Every city has its rituals. In Lucknow, mine was this fair. My father began taking me there when I was small enough to hold his finger like a compass, dressed in little frocks, my hair tied in two pigtails, a bag slung across my shoulder that became, over time, something of a personality trait. Inside it, as a habit, were a few books and my little pocket dictionary. If you cannot tell, I really miss those old dictionary days, the thrill of flipping it open in public, and for a fleeting moment feeling like I possessed the kind of brilliance the world could not touch.
Back then the fair was hardly a “fair” at all: just scattered heaps of paperbacks piled on rickety tables, their covers curling in the dust. In those early years, it was mostly students and educators, exam guides piled high on tables, everyone stocking up on what they needed. But slowly, year by year, it grew, spreading its arms wider, bringing in publishers from across the country, and stretching its genres from textbooks to fiction, poetry, history, mythology, children’s books, self-help, and anything and everything you could imagine.

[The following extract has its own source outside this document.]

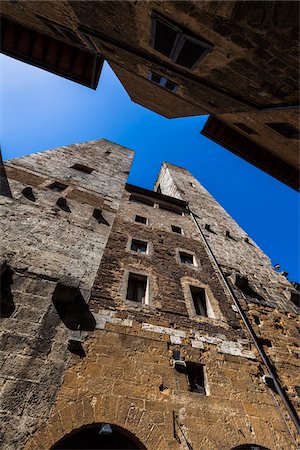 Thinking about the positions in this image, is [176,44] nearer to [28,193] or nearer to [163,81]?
[163,81]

Despite its rusty old days, to my seven-year-old self it was nothing less than a carnival. It had a smell I could never quite name; it was not just a mix of notes, but a feeling. Back then, it smelled like possibility. Right now, it smells like childhood. Maybe one day, when I leave this city behind, it will return to me as the smell of home. And that is the thing about memories: they keep shifting shape and with it our perception. Each time we return to them, the frame tilts. The place itself does not change, but how we see it does. Through that shifting frame, I want to take you back to a book fair that, for me, has always been more than an event. It became a quiet map of growing up.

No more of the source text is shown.